National Oceanic and Atmospheric Administration weather experts still expect the 2022 Atlantic hurricane season to have above-normal activity.
Since the May report, which covers the six-month hurricane season that began June 1 and ends Nov. 30, forecasters have slightly decreased the likelihood of an above-normal Atlantic hurricane season from 65% to a 60% chance. Meanwhile, the likelihood of near-normal activity has risen to 30% and the chances remain at 10% for a below-normal season.
NOAA’s update to the 2022 outlook calls for 14-20 named storms, which have winds of 39 mph or greater. Six to 10 of those named storms could become hurricanes with winds of 74 mph or greater. Of those, three to five could become major hurricanes with winds of 111 mph or greater. NOAA provides these ranges with a 70% confidence.

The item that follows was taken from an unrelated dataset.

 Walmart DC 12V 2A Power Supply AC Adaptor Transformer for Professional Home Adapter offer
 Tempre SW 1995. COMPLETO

“We’re just getting into the peak months of August through October for hurricane development, and we anticipate that more storms are on the way,” said NOAA Administrator Rick Spinrad, in a statement.

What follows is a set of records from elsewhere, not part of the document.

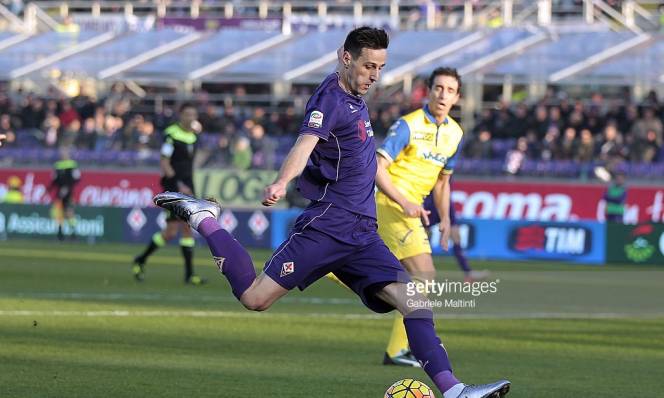 Chievo vs Fiorentina, 01h45 ngày 01/05: Chuyến làm khách khó khăn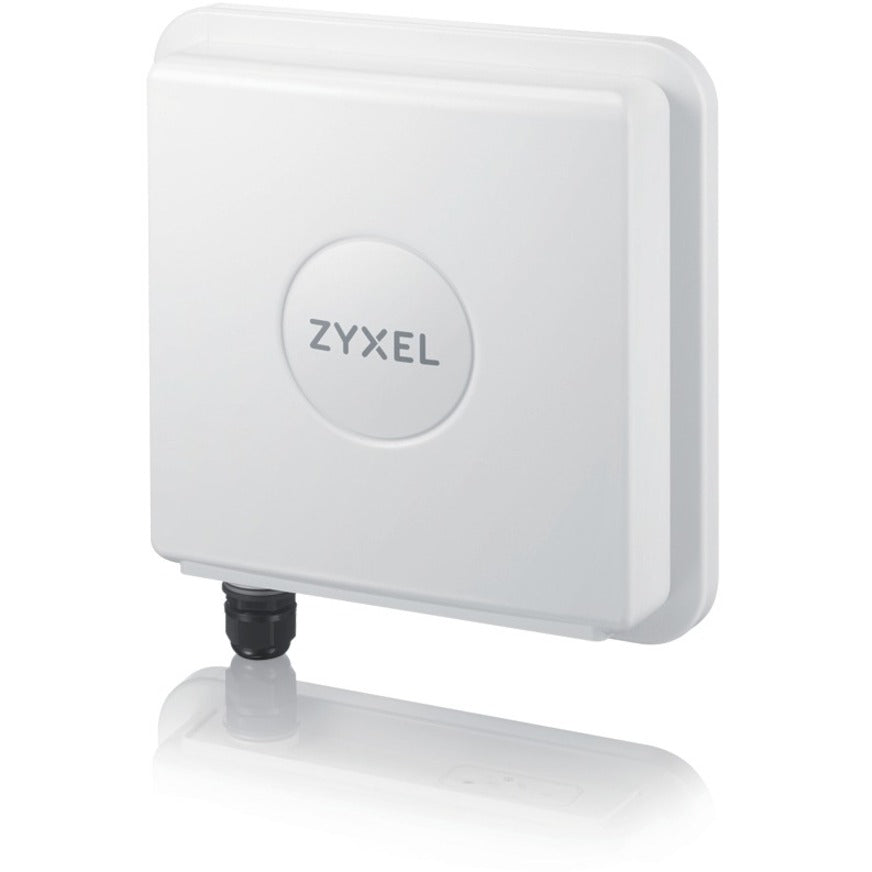 Portable Wireless Router - 4G LTE-A Outdoor IP68 Cat.6 | Zyxel LTE7461N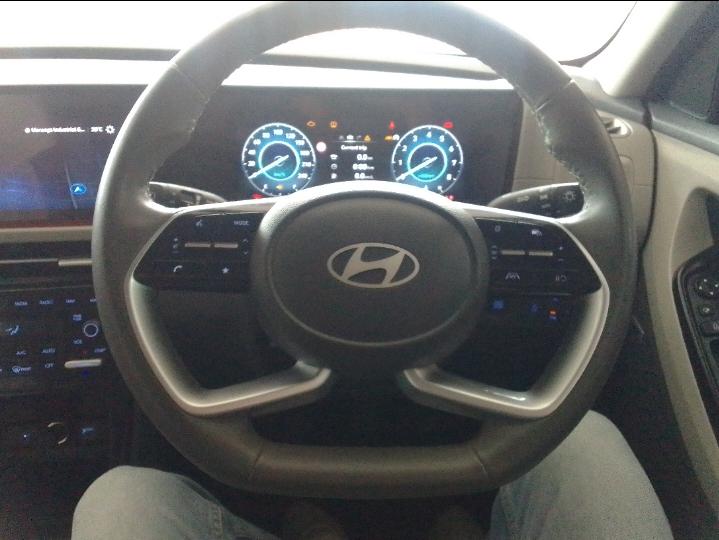 यूज़्ड 2024 ह्युंडई क्रेटा, Bhatta Bazar, Purnia 11 यूज़्ड 2024 ह्युंडई क्रेटा, Bhatta Bazar, Purnia 11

Erik Heden, warning coordination meteorologist with the National Weather Service forecast office for Morehead City, told Coastal Review Monday that the peak of hurricane season is not until around Sept. 10.
“Typically the season really doesn’t get going until later in August through October. It’s too early to let our guard down, we aren’t even close to the typical peak yet,” he said. “Lastly, it only takes one storm to make a difference in your lives. Take this quiet time in the season to finish your hurricane kit and plan.”

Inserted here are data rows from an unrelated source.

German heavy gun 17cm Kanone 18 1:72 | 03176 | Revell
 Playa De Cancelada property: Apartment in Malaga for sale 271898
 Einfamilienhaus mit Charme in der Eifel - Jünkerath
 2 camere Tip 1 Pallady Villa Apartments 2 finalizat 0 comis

He recommended visiting www.weather.gov/MHX/hurricaneprep for help with a hurricane kit and plan.
Heden said his office is offering more hurricane talks ahead, including one at 9 a.m. Wednesday in Emerald Isle board meeting room, 7500 Emerald Drive, and 6 p.m. Aug. 16 in North Topsail Beach Town Hall, 2008 Loggerhead Court. Sign up to virtually attend the North Topsail Beach talk. Two talks are planned for later this month on the Outer Banks, as well.
“Communities and families should prepare now for the remainder of what is still expected to be an active hurricane season,” said Ken Graham, director of the National Weather Service. “Ensure that you are ready to take action if a hurricane threatens your area by developing an evacuation plan and gathering hurricane supplies now, before a storm is bearing down on your community.”
So far, the season has seen three named storms and no hurricanes in the Atlantic Basin. An average hurricane season produces 14 named storms, of which seven become hurricanes, including three major hurricanes.
The outlook is for overall seasonal activity, and is not a landfall forecast. Landfalls are largely governed by short-term weather patterns that are currently only predictable within about one week of a storm potentially reaching a coastline, according to NOAA.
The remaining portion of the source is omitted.